# Global mapping of CO2

## Global mapping of CO_{2}

This Web-Project describes spatial and spatio-temporal statistical methodology for mapping CO_{2} globally, based on very-large-to-massive remotely sensed datasets.

The global carbon cycle describes where carbon is stored and the movement of carbon between these reservoirs. Atmospheric carbon in the form of carbon dioxide (CO_{2}) has risen steadily since the industrial revolution (when it was about 280 ppm) to a level of about 400 ppm in 2016; it was about 315 ppm in 1960. The rate of increase would certainly have been greater had it not been for the uptake of CO_{2} by the oceans and vegetation/soil (i.e., sinks). Sources of CO_{2} include anthropogenic emissions (e.g., burning coal, oil, or natural gas) and fires. Of the approximately 8 Gt per year that enters the atmosphere, about half is anthropogenic. About 4 Gt stays in the atmosphere, and the other 4 Gt is absorbed roughly equally by the oceans and terrestrial processes. This yearly increase of 4 Gt of atmospheric CO_{2} is almost certainly unsustainable in the long term.

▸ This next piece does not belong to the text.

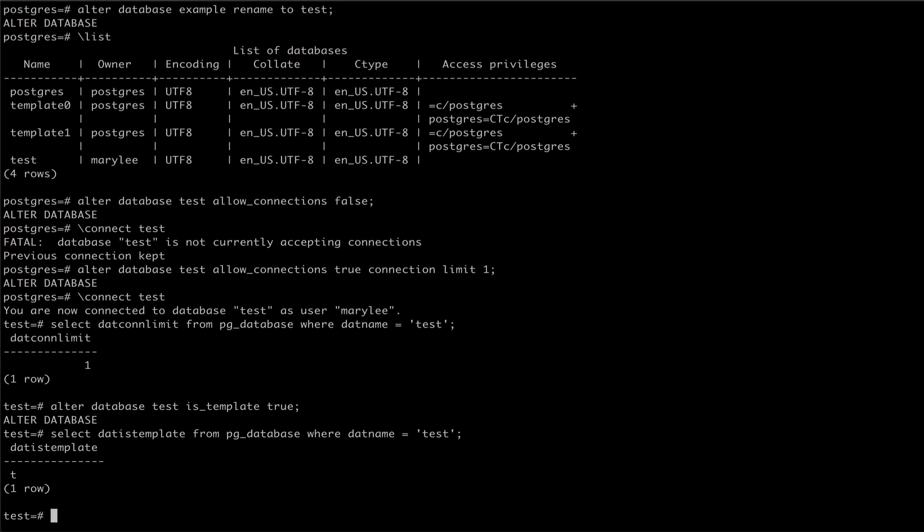Finally, let's use the alter database command to transfer ownership of our database. We can see with the list meta command that the current owner of our test database is my user, Mary Lee.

Along with water vapor, methane, and other gases, CO_{2} traps the sun's energy and warms the earth's surface and lower atmosphere. This global warming will likely lead to very complex changes in our climate. The consequences could be enormous, displacing hundreds of millions of people due to melting ice caps and sea-level rise, highly variable weather events, and a scarcity of potable water due to droughts and melting glaciers.

Mitigation for and adaptation to climate change requires a deep understanding of the drivers of climate. However, atmospheric CO_{2}'s spatio-temporal cycle is largely unknown at scales where mitigation might be possible. Further, climate models require such knowledge for accurate projections into the future.

## Statistical remote sensing

Remote sensing is an area of environmental science that is more than building an instrument and putting it in orbit. Hardware is useless without software, and an instrument on a satellite platform is scrap metal without algorithms to process the raw radiances and mapping technologies to give a noise-filtered complete map of the phenomenon being studied. Often, such a map becomes “data,” and these derived data have derived uncertainties associated with them (e.g., spatio-temporal variances and covariances). When remote sensing is put into a rigorous statistical framework, the information content in the raw data increases dramatically. Scientific inferences can be made, and information becomes knowledge. The study of global atmospheric CO2, informed by both data and scientific knowledge, is an important scientific endeavor in which spatial and spatio-temporal statistics can play an important role.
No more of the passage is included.